We have added empty implementations for all the methods defined in the ContentHandler interface, which allows our source file to compile. Of course, these empty implementations don’t provide any feedback for us, so we will walk through each of these required methods now.

The Document Locator

The first method we need to define is one that sets an org.xml.sax.Locator for any SAX event. When a callback event occurs, a class that implements a handler often needs access to the location within an XML file of the SAX parser. This can then be used to help the application make decisions about the event and its location within the XML document. The Locator class has several useful methods such as getLineNumber( ) and getColumnNumber( ) that return the current location within an XML file when invoked. Because this location is only valid for the current parsing lifecycle, the Locator should only be used within the scope of the ContentHandler implementation. Since we may want to use this later, we save the provided Locator instance to a member variable, as well as printing out a message indicating that the callback has occurred. This will help outline the order and occurrence of SAX events:

/** Hold onto the locator for location information */
private Locator locator;

/**
 * <p>
 * Provide reference to <code>Locator</code>, which provides
 *   information about where in a document callbacks occur.
 * </p>
 *
 * @param locator <code>Locator</code> object tied to callback
 *                process
 */
public void setDocumentLocator(Locator locator) {
        System.out.println("    * setDocumentLocator(  ) called");
               
        // We save this for later use if desired.
               
        this.locator = locator;
}

Later, we can add details to this method if we need to act upon information about the origin of events; in this example, we merely want to show information about what is occurring in the parsing process. However, if we wanted to show information about where in the document events were occurring, such as the line number an element appeared on, we would want to assign this Locator to a member variable for later use within the class.

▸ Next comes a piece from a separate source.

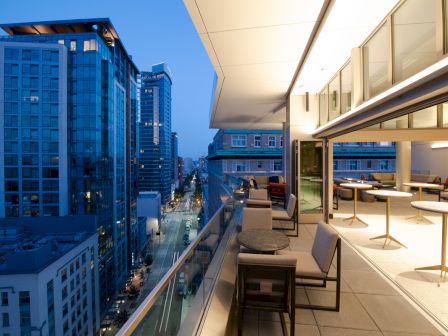 A modern cityscape at dusk with tall buildings and a stylish, open balcony featuring tables and chairs overlooking the street.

The Start and the End of a Document

In any lifecycle process, there must always be a beginning and an end. These important events should both occur once, the former before all other events, and the latter after all other events. This obvious fact is critical to applications, as it allows them to know exactly when parsing begins and exactly when it ends. SAX provides callback methods for each of these events, startDocument( ) and endDocument( ) .

The first method, startDocument( ), is called before any other callbacks, including the callback methods within other SAX handlers, such as DTDHandler. In other words, startDocument( ) is not only the first method called within ContentHandler, but also within the entire parsing process, aside from the setDocumentLocator( ) method we just discussed. This ensures a finite beginning to parsing, and lets the application perform any tasks it needs to before parsing takes place.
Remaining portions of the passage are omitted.